Baylor steps up to ease food insecurity
April 1, 2013 at 10 p.m.
Because people don't typically die of starvation in the United States it is sometimes assumed that our nation doesn't really have a serious hunger problem.
How you define "serious" may be similar to that old joke about having a "minor" operation. The operation is minor only if you are not the one going under the knife.
So if you never have to worry about where your next meal is coming from then hunger is something that mostly happens in other countries, right?
It happens right here in Texas and in our area and it probably happens much more than you think.
The term "food insecurity" is used to define people who don't know where their next meal is coming from, and we don't mean whether it will come from the steakhouse or the burger chain. Literally, that means that they have no food and don't know how they will possibly get any.
When you are in that situation, your attention is mostly focused on that question, too, even more than where you will sleep at night. Hunger is the more biting problem.
Many of those who go hungry fall at the age margins of our society, the very young and the very old. This also means they have the least ability to correct their situation.
Unfortunately, of the states, Texas has a bigger problem with this issue than most. Across the nation about 15 percent of households do not have reliable access to three meals per day. In Texas, that number jumps to 18.5 percent.
That almost 20 percent of our fellow Texans face food insecurity is made even more tragic by one simple fact: There is plenty of food. No one needs to go hungry at all.

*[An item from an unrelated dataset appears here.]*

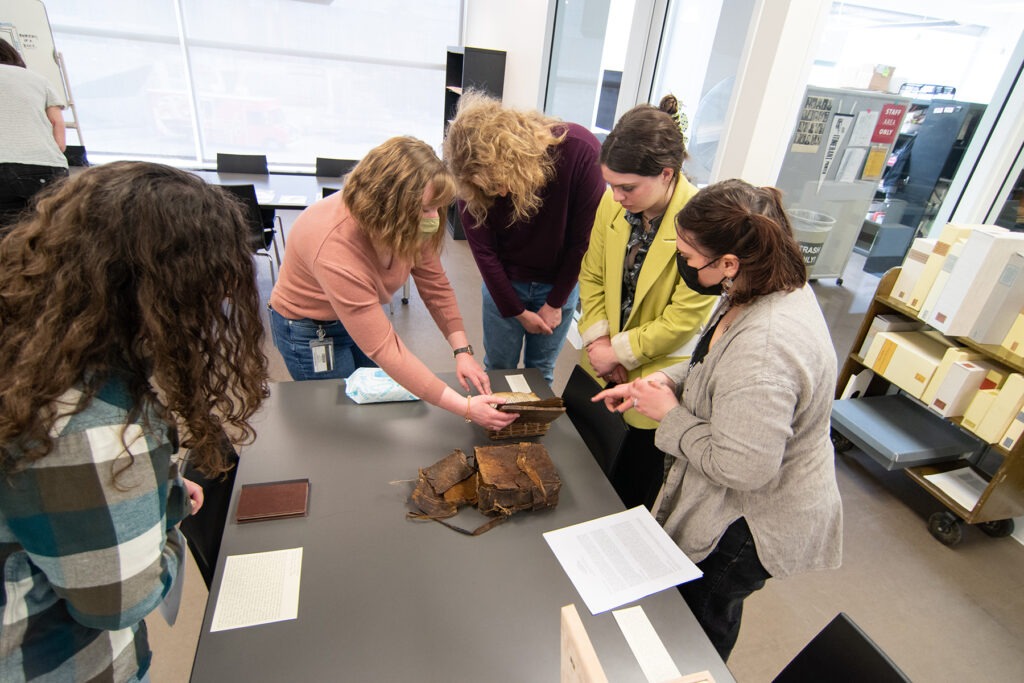 Art Historian Alexa Sand in Marriott Library Special Collections with students from Professor Meekyung MacMurdie's Medieval Art class, March 2023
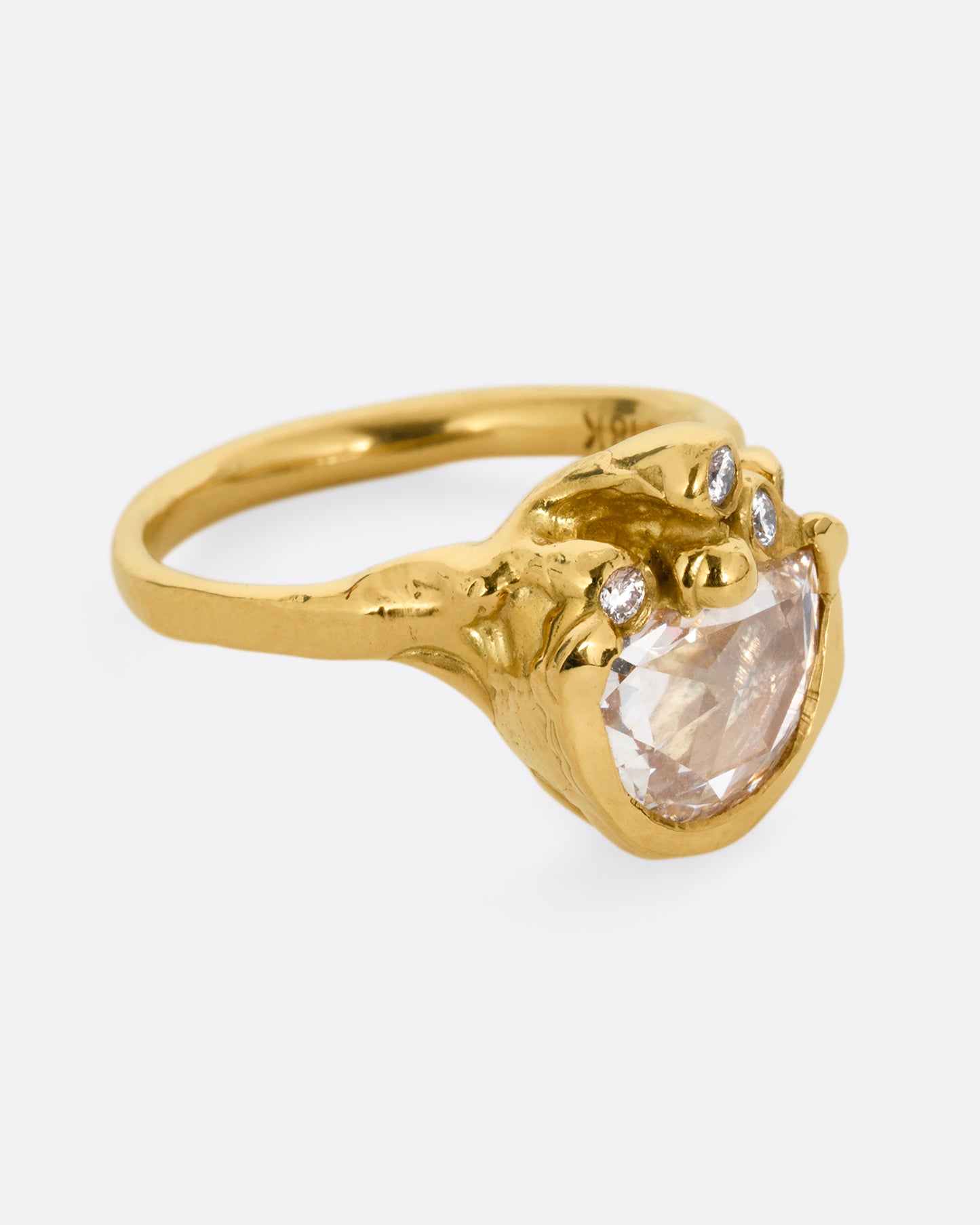 A yellow gold ring with a central rose cut diamond half moon and bezel set diamond accents on top of the flat side. Shown from the side.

And maybe in the future the percentage in Texas will drop markedly.
Baylor University, which is responsible for many good work in our state, is expanding its program, The Texas Hunger Initiative, to 12 regional offices in the state. The nearest office to Marshall will be Tyler but don't think that means we've been left out of the net.
The fact is that the goal of the initiative is to help identify people who qualify for food assistance and get them enrolled in programs that will ease their food insecurity. The Texas Hunger Initiative aims to do this by training groups of volunteers who will spread out to all corners of the state.
This is good news and we are not surprised that Baylor is behind it. We also would not be surprised if, somehow, our own East Texas Baptist University was involved in some of the volunteer efforts.
Anything we can do to ease hunger and food insecurity makes the world a better place and we should not hesitate to take action.
We commend Baylor for stepping up to do just that.